摔落在地板上的手機因為電量不足自動關機了,但此刻已經沒人去關心視頻的事情了。容澄說完這一句以後就拒絕跟陳不野再溝通,陳不野抱著他肯定是不可能會鬆手的。他撫摸著容澄單薄的背脊,在他耳畔小心翼翼地試探:“……我抱你去洗澡?”


    容澄沒吭聲,陳不野了解容澄,知道這是默認的意思。


    浴室裏的水聲再次響了起來,陳不野蹲在浴缸前幫容澄洗澡。進來的時候他匆匆穿了件睡袍,浴室的燈光明亮刺眼,容澄這時才發現陳不野眼皮上方有一道淺淺的紅痕。


    大概是剛才在床上的被容澄撓傷的,容澄自己不知道自己這個毛病,但陳不野知道。做得狠了容澄就要撓人,跟小貓一樣。有好幾次做完陳不野背上都被撓得慘不忍睹,可他每次都挺享受,覺得這是容澄喜歡他的表現。


    浴缸裏的水溫偏熱,每次上了床陳不野都會變著法子折騰容澄。很快他就躺在浴缸裏昏昏欲睡,陳不野瞧著他耷拉著眼皮困頓的模樣,用舌尖頂了頂自己的虎牙,沒忍住伸出手去摸他的眼睛。


    容澄眼皮薄,一哭就容易紅腫。
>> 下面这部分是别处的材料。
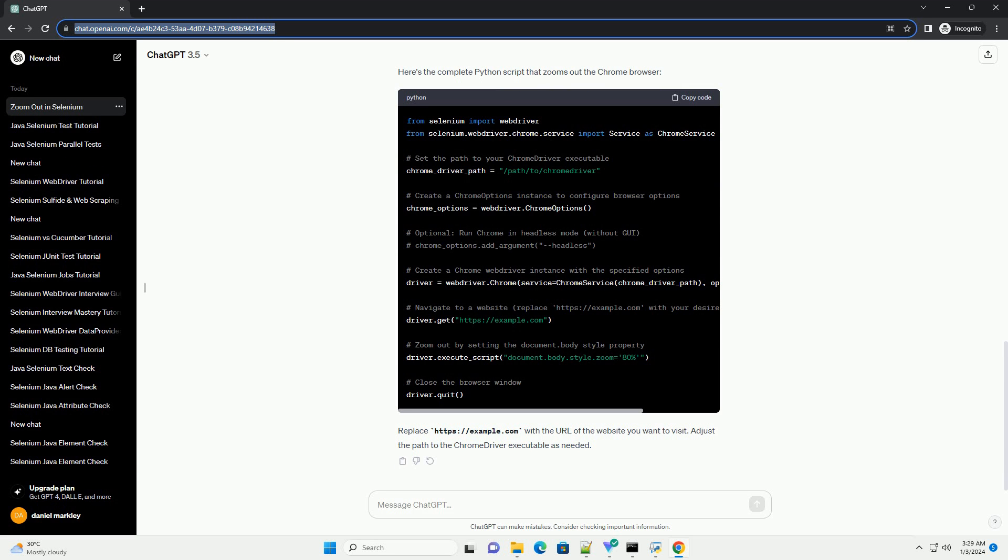Here's the complete Python script that zooms out the Chrome browser. Replace https://example.com with the URL of the website you want to visit. Adjust the path to the Chrome driver executable as needed.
陳不野手上沾著水珠,容澄感受到眼皮上方的濕潤,困意少了一些。


    在容澄看過來的同時陳不野已經收迴了手,他像是一個做錯事的小孩,垂著腦袋小聲跟容澄道歉:“對不起。”


    容澄的眼神依舊幹淨純粹,可陳不野一時間居然不敢迎上他的目光。這會兒陳不野也當起了鴕鳥,生怕從容澄眼裏看見對自己的厭惡。


    很快他就聽到了容澄的迴答:“嗯。”


    聽起來挺敷衍的,也不知道這個“嗯”是代表了“原諒你”還是“知道了”。陳不野不敢再追問,給容澄抹完沐浴露洗幹淨以後就把人抱出了浴室。


    主臥的床單已經被弄髒了,陳不野把容澄抱到客臥,給他蓋好被子以後轉身朝外走。他迴到浴室草率地洗了個澡,帶著一身的水汽迴到了房間。


    臥室裏安靜極了,顯得窗外的雨聲嘈雜刺耳。容澄側躺著,腦袋埋在被窩裏,陳不野輕手輕腳地爬上床,轉身關掉了房間唯一亮著的那盞燈。


    淩晨的雨夜靜謐幽森,寂靜的房間裏響起一陣窸窸窣窣的響動。陳不野在黑暗裏觸到容澄溫熱的皮膚,稍稍用力把人抱進了懷裏。


    這是陳不野的習慣,現在晚上睡覺不抱著容澄陳不野就睡不著。容澄被他弄醒,嗅到熟悉的氣息,困得不願睜開眼睛。


    “……腰疼,”容澄自顧自地在陳不野懷裏找到了一個舒服的姿勢,呢喃不清地說道,“睡著好不舒服……”


    陳不野聽他開口說話,頓時打起了十二分精神。他立刻坐起來,摸索著在床尾找到一個靠枕,墊到了容澄背後;接著又重新躺迴去,側身對容澄悄聲詢問:“我幫你揉一揉?”


    “嗯。”黑暗裏容澄大概是做了一個抬頭的姿勢,陳不野又比他高,他一抬起頭臉頰就蹭到了陳不野的下巴。陳不野抬起的手頓了一下,而後才慢慢落在了容澄的腰上。


    下巴上那種溫軟的觸碰轉瞬即逝,陳不野控製不住的心癢,腦子裏蹦出來的第一個念頭就是跟容澄接吻。可他害怕容澄又生氣,迅速掐斷了這個想法。


    力道適中的揉捏使容澄舒服了許多,他躲在陳不野的懷裏很快就睡著了。過了好久那個惶惶不安的男生才停下揉捏的動作,他聽著容澄輕淺的唿吸,默默伸手摸了摸他的臉頰,垂頭在容澄發梢上留下了一個毫無重量的吻。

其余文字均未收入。